これだけ読んでも、法律専門家でない人にはわからないですが。つまり、プロバイダーなどはコンピュータの記録を消去してはいけないと定められている。なぜ「消去しないように求める」かというと。あとでそれを差し押さえをする。

これは法務省の言い方で言うと「見るわけではない。取っておけというだけだ。だから令状はなくてもいい」。

しかし、「取っておけ」というのは強制。権力が強制する強制処分なわけだから、強制していいのかどうかのチェックはきちんとしないといけない。人には、当然消したいこともある。僕らだって当然あるわけです。消す自由がない。消すのは証拠隠滅だという話になることになる。「証拠隠滅はけしからん」という話になるけれども、一般の市民生活では消したいことやいらないこと、人に見せたくないことは少なからずある。

そういうことの権利を考えずに国家権力は個人が消したいと思っているのを見れるんだという話になってしまう可能性がある。いろんな問題がある。

発言者C テロの根本原因は、米英中心の有志連合によるダブルスタンダードにあるのに、それを無視してテロ対策というのは間違っているのではないでしょうか。

小倉 私も間違っていると思います。

発言者D 越境組織犯罪条約採択で国連もグローバルな治安警察態勢の柱の一つになっているとのことですが、国連総会での合意がすんなりなされたのか。反対した国があったのかどうか知りたい。

小倉 国連での議論の詳細は把握していません。ただ、人身取引の議定書は最初なかった。越境犯罪でも人身売買が深刻なので、NGOがこの問題に取り組むべきだと入れさせた経緯があります。フランスなどが越境性が条件でなくてもいいと言い出すなど、いろいろ意見が出てきて、原案どおりに決まったわけではない。

アナン事務総長が二度ほど、包括的テロ防止条約の成立への意欲を発言している。それをうけて、日本政府がテロ対策基本法案へ動いている面があるかもしれない。

条約という形で出てきたものを、外圧として利用しながら国内法整備をするというやり方なので。包括的テロ防止条約が動き出すと、それを前提にして国内でもテロ対策法を作っていく。

国連自体が、第三世界が影響力を持っていた組織が段々影響力を失ってきている。死に体とはいいませんが、安全保障理事会だけが大きな顔をする状況になってきている。

発言者E フランスが越境性を条件にしないように主張しているのは、国内で独立運動やイスラム「過激派」の運動などをかかえているからですか。

小倉 具体的には分かりませんが、そう推測できます。ほとんどの国が反対しなかったのは国内の「組織犯罪」を何とかしたいというのがある。国内の「組織犯罪」で連携をとればいいと。
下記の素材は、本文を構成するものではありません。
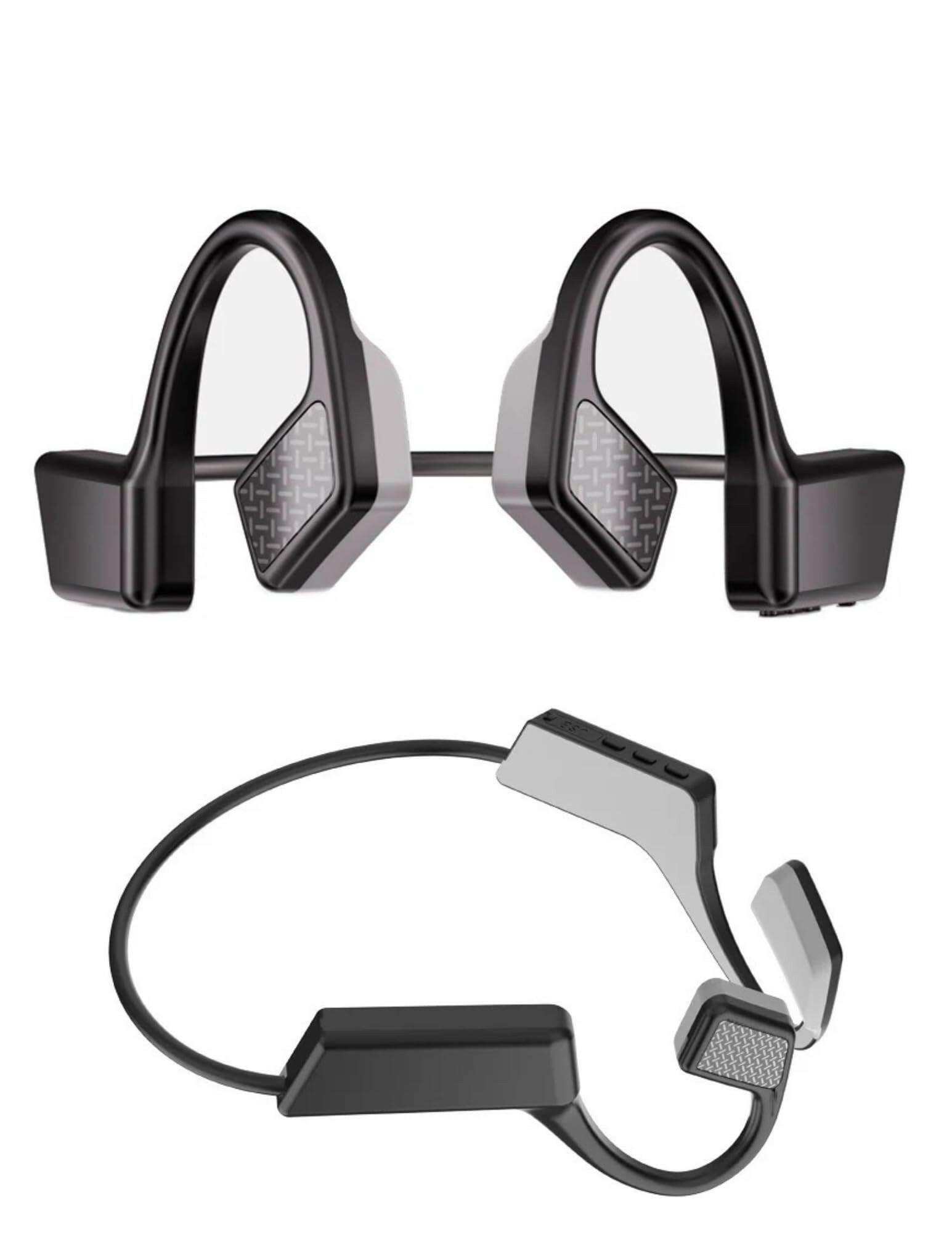 TUTT K08 Headphones with Bone Conduction Earphone Wireless Headset TWS Sports Waterproof Open Ear - www.Shopthatapp.com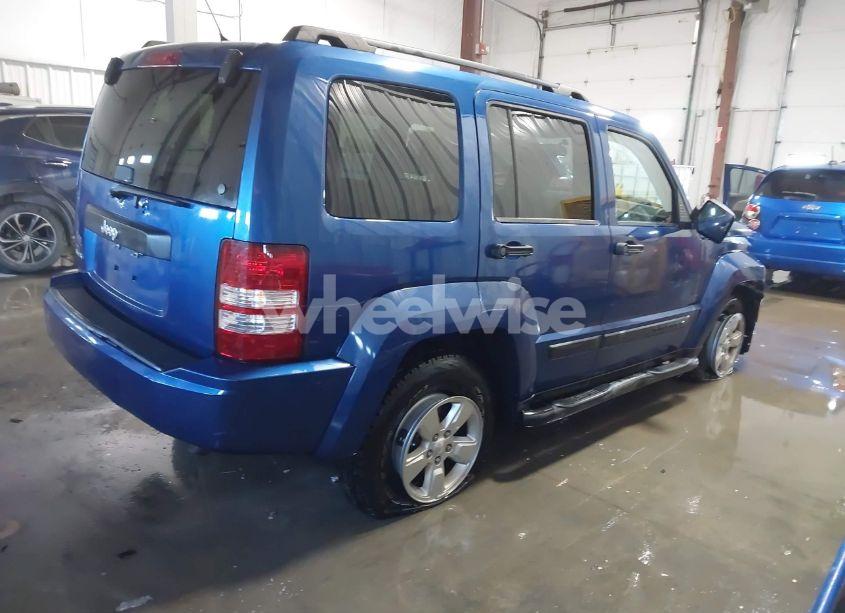 Photo 4 of 2009 Jeep Liberty SPORT (VIN 1J8GN28K69W554101)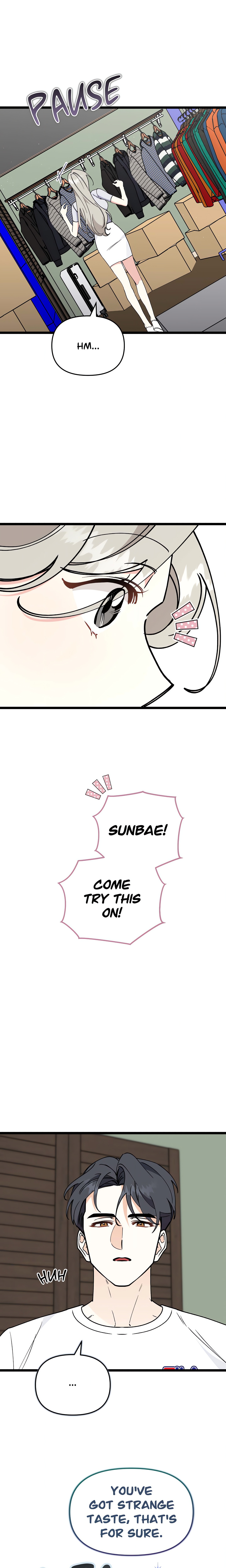 Nasty Fever (Official) chapter 30 page 8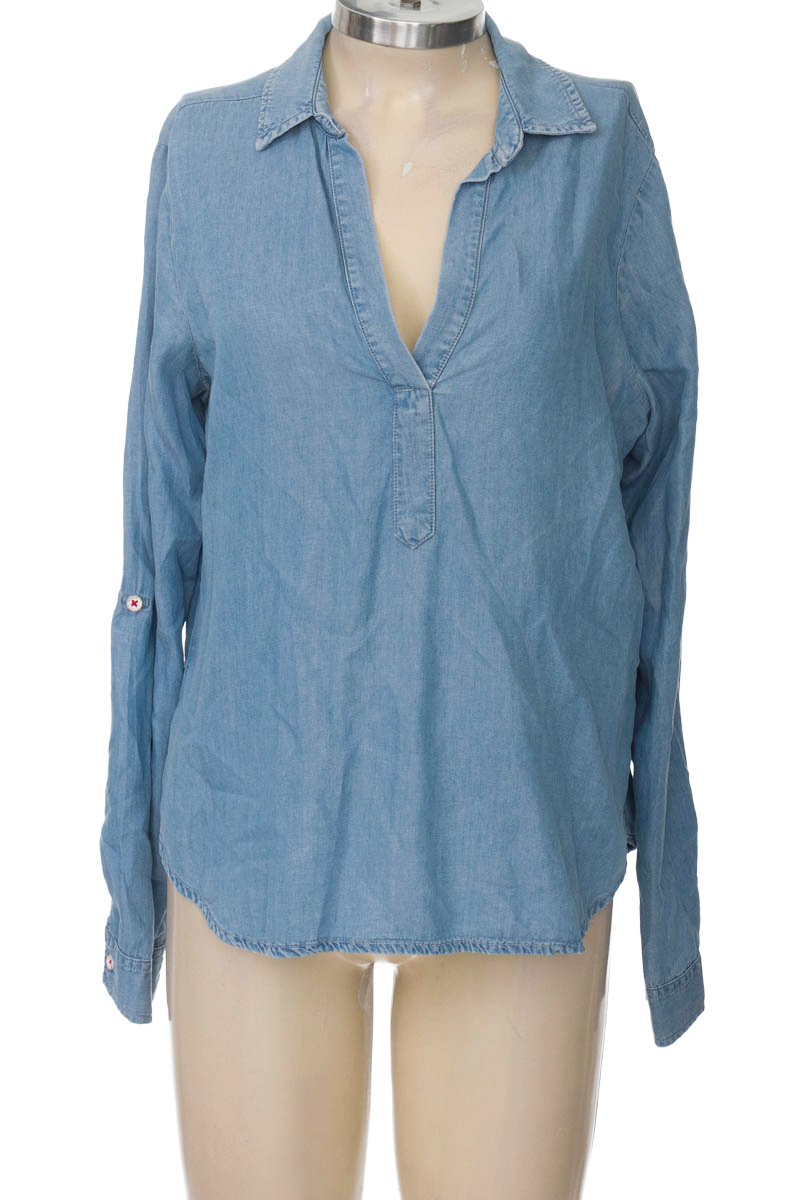 Blusa color Azul - Esprit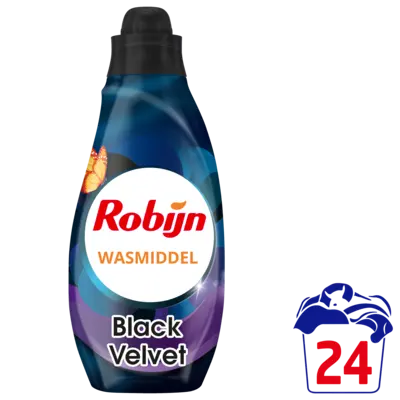 pdp-image-Robijn Klein & krachtig black velvet wasmiddel
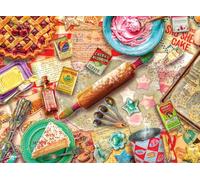 Buffalo Games - Aimee Stewart - The Nostalgic Baker (2024) - Puzzle de 1000 pièces pour Adultes Parfait pour Les soirées de Jeu - La Taille du Puzzle Fini est de 68 x 50 cm
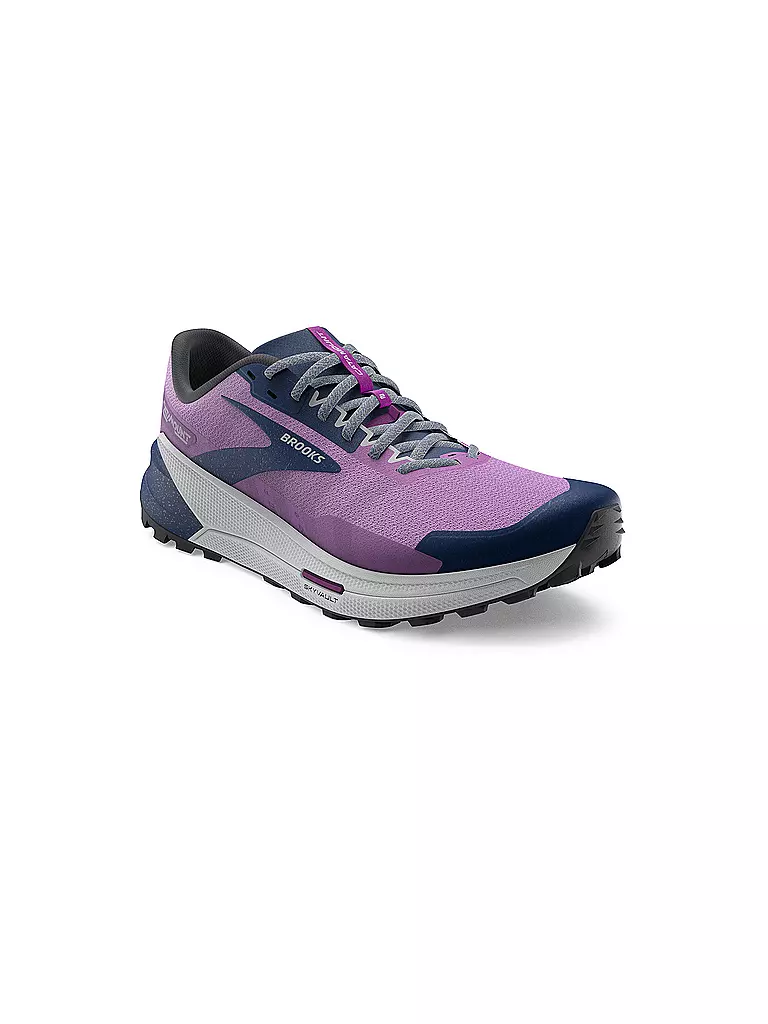 BROOKS | Damen Traillaufschuhe Catamount 2 | lila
サイバー犯罪条約は、捜査当局の国境を越えた取締りが全面に出ている。たとえば、国外の捜査機関(FBIとか)が現場に来ないで、インターネットにつながっている情報をネットを使ってごっそり押収するということを考えている。国内・国際という枠組みを一応作るが、政府側からすると関係ない。
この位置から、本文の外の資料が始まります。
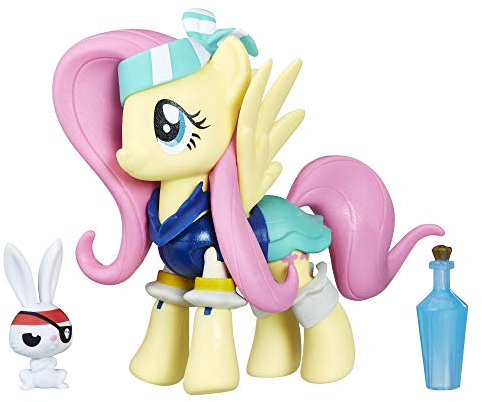 My little Pony The Movie Guardians of Harmony Fluttershy Pirate Pony
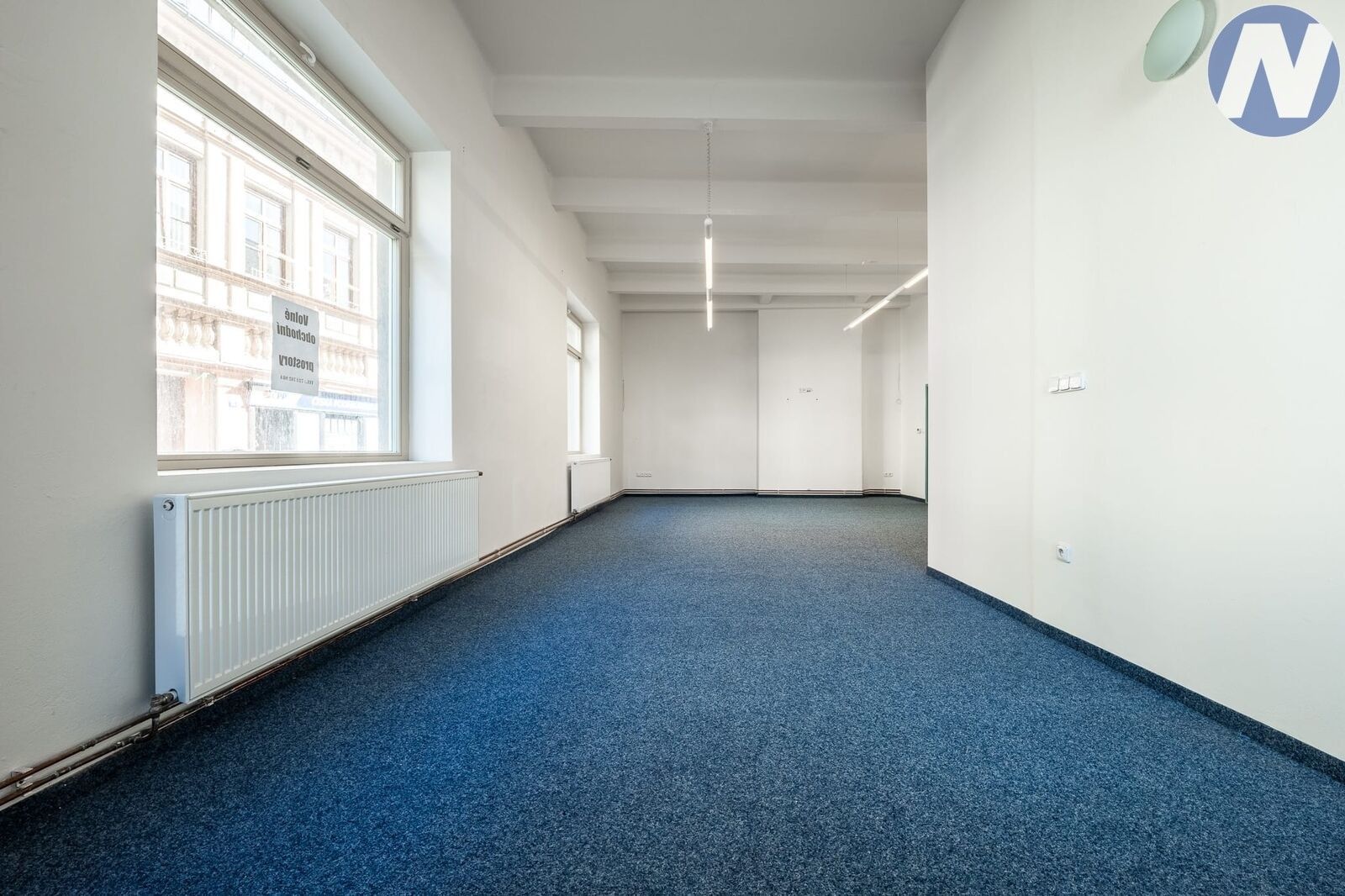 Pronájem kancelář - Kostelní, Vimperk, 52 m²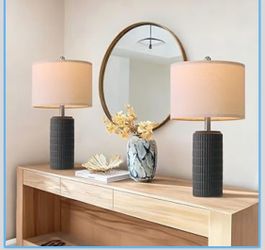 PoKat Ceramic Table Lamps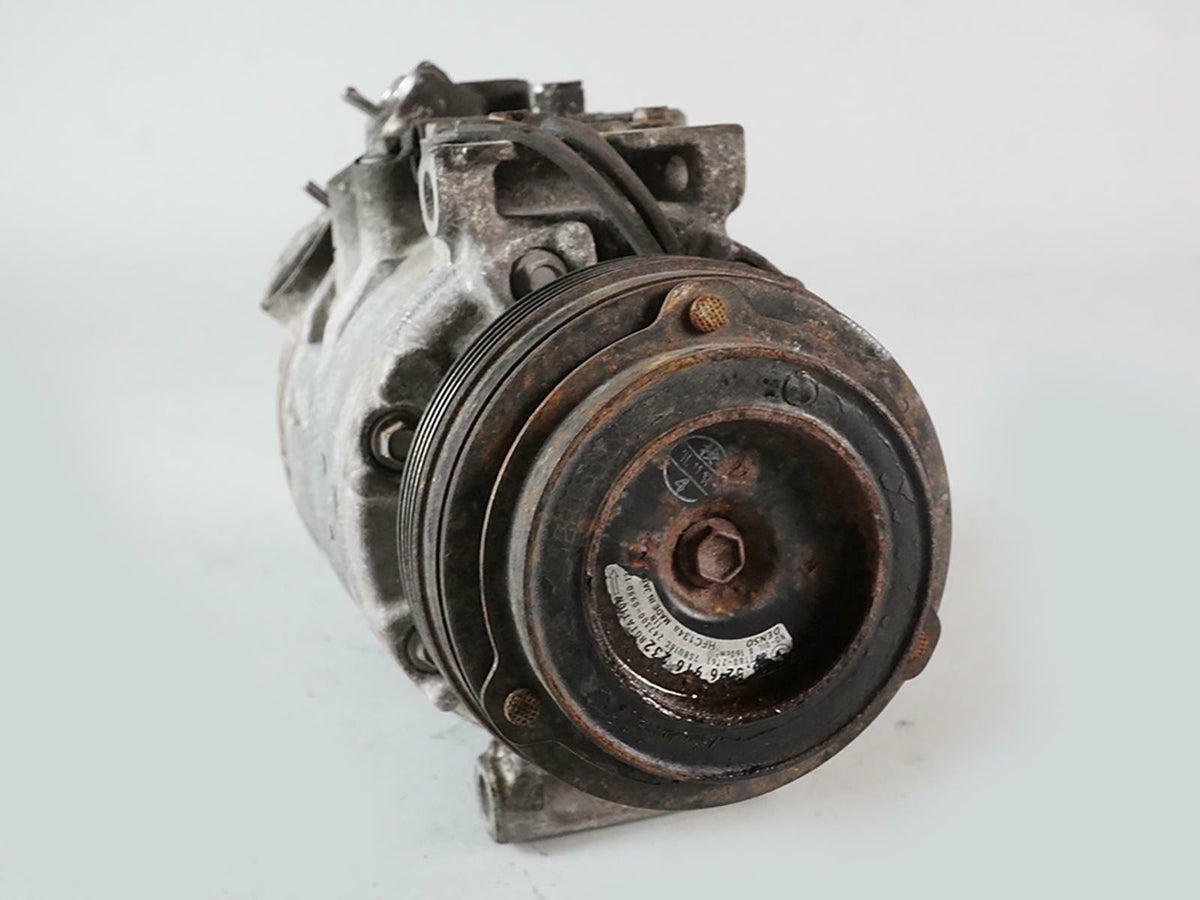 2004 - 2010 Bmw X3 E83 3.0L Ac Air Compressor Conditioning Motor Pump Pulley OEM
アメリカも、FBIが国内の犯罪捜査で、CIAやNSAなどの諜報機関は対外的な活動をすると国内と対外を分けていた。これは対テロ愛国法以降なくなって、CIAは国内でも諜報活動をする。

なぜかというと、例えばインターネットの盗聴捜査をする。インターネットでは、いろんな通信回線をメールとかを流れている。例えば、韓国と台湾のコミュニケーションで、日本と関係ない通信が日本の追伸回線を流れていたりする。アメリカはそういうのが圧倒的に多い。日本とアジアの間の通信でも、アメリカを経由させていたりすることが多い。これはコンピュータ・ネットワークの技術的な仕組みで勝手にそうなっている。そうすると、アメリカ国内の通信がアメリカと関係ない国際電話のような形になっている。それと、アメリカの国内通信を分けて監視することはできないから、丸ごと監視するとなってきている。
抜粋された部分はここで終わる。